No va a resultar fácil salir de este laberinto. Si Feijóo no resulta elegido presidente, el bloque liderado por Sánchez debe pasar por el fielato de nacionalistas, independentistas y adláteres del terrorismo, si quiere vencer la aguja de los 176 escaños. Los “espontáneos” que se lancen al redondel, sabedores de su impunidad, exhibirán su trapo rojo y torearán a la fiera hasta someterla, esperarán que “cuadre bien” para darle la estocada. Si el toro no acaba de morir, sonará el tercer aviso y tendremos que asistir a una nueva feria. El sufrido espectador, tanto del sol como de la sombra, saldrá desengañado, pero volverá a entrar al trapo cuando vea otro aprendiz de maestro vestido con traje de luces. En ese intervalo, lo único claro es que subirá el precio de los abonos. Mientras tanto, el presidente seguirá sacando el pañuelo a su antojo.
De momento, el PSOE clama porque, en el recuento de Madrid, hay un escaño en el aire. Después de rechazar sus recursos a la JEC y al TS, el tema ha llegado al TC. ¡Y ahora, sí!, la Fiscalía de Sánchez –con peritos calígrafos, médicos forenses y alguna túnica empolvada- podrá hacer una faena de dos orejas y rabo.
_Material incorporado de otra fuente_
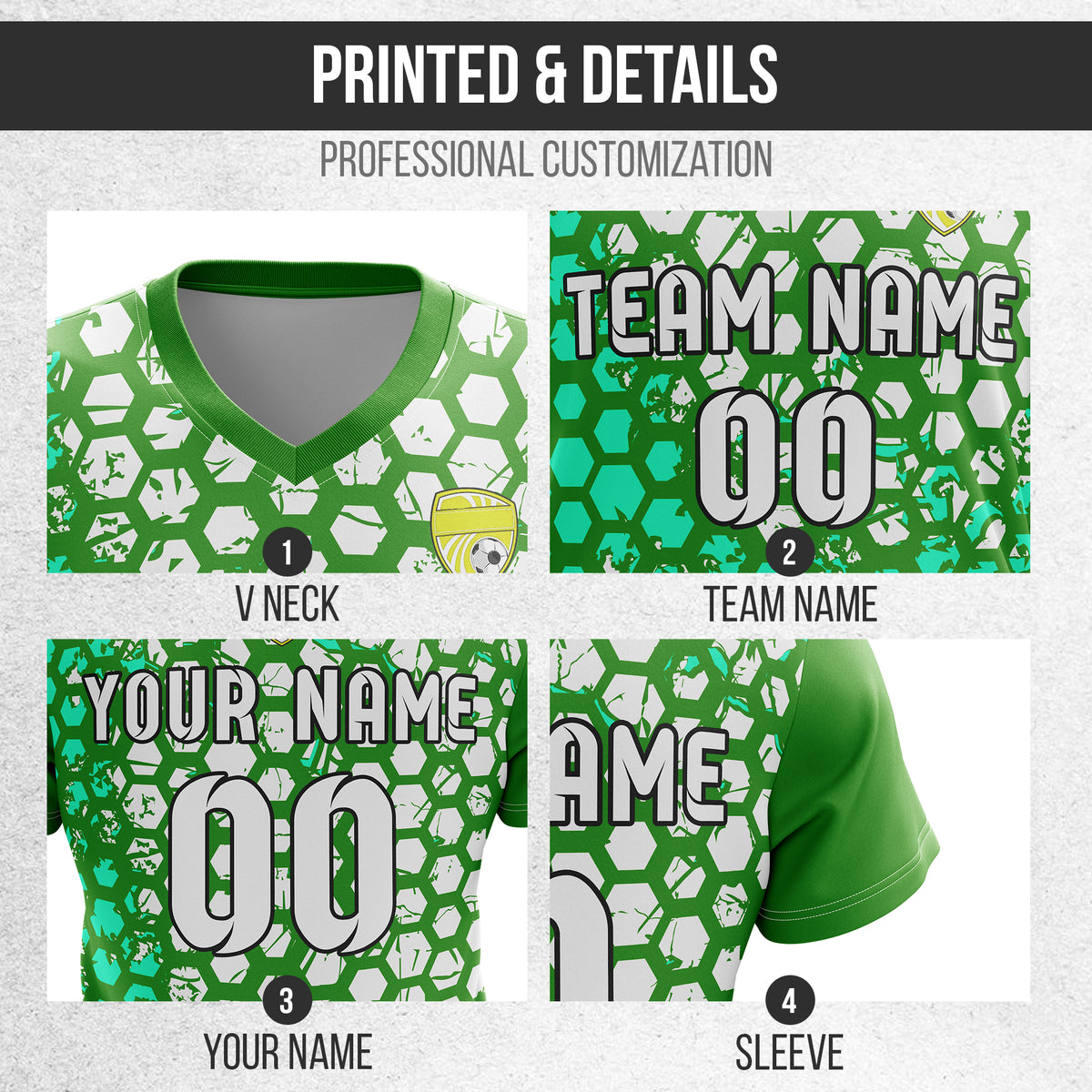 Custom Hex V-Full Pattern Green Soccer sport Tops Jersey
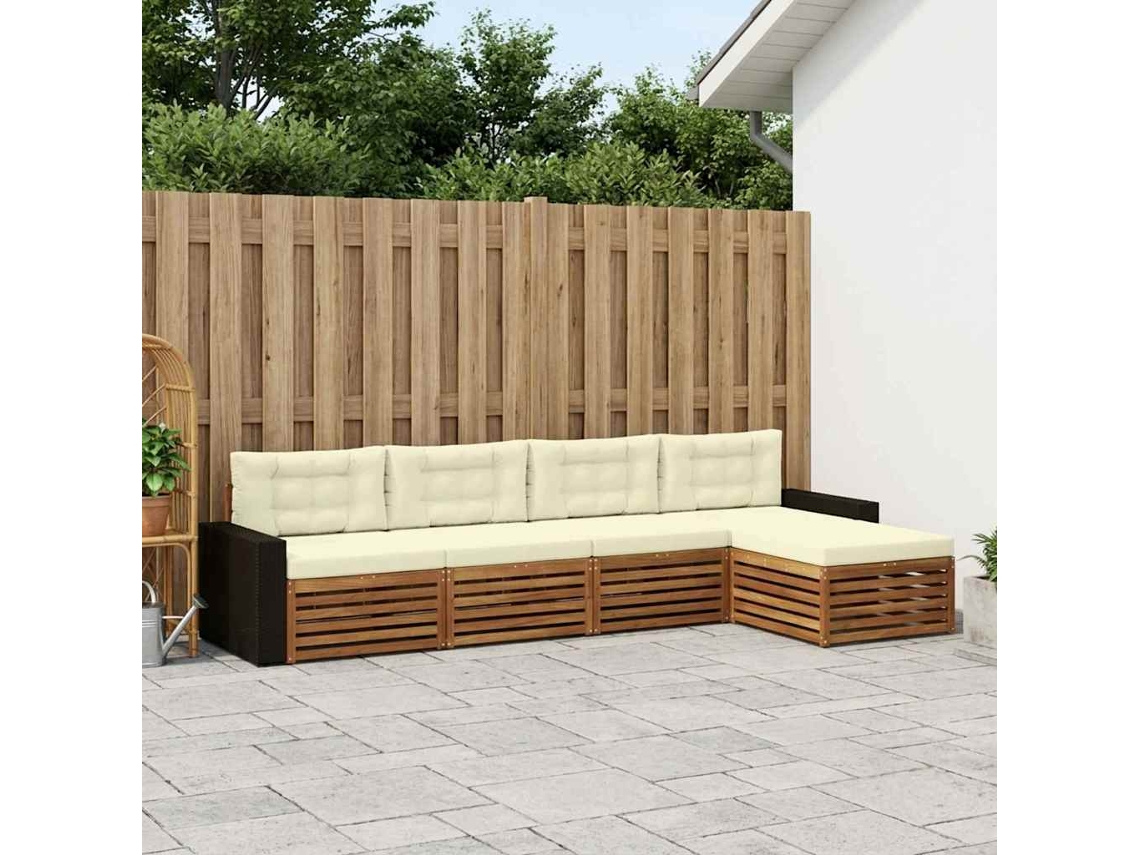 Vidaxl Conjunto De Sofás Para Exterior 5 Unid. Natural E Creme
De paso, podían repetir la operación en aquellas circunscripciones –que también las hay- donde la derecha ha quedado a muy pocos votos de un nuevo escaño. Supongo que, en ese caso, estaríamos hablando de una faena de aliño.
Con tanto problema, Sánchez comienza a ponerse nervioso y, sabiendo cómo se las gasta, es de esperar alguna de las suyas. Está desaparecido en combate. Van a conseguir amargarle las vacaciones. Hasta el prófugo le pone firmes. Puigdemont ha pedido el sobrero y se ha plantado en el centro del ruedo al grito de: “¡A ver qué pasa de lo mío!”. Orden inmediata: que la Fiscalía frene ese tren antes de que descarrile en Barcelona. Para calmar las ansias del independentismo, si no queremos perder definitivamente la fiesta nacional, será obligatorio caminar unidos, sin reparos, aunar esfuerzos para sacar a España de este profundo socavón y, por favor, no entrar al trapo del progresismo de garrafón.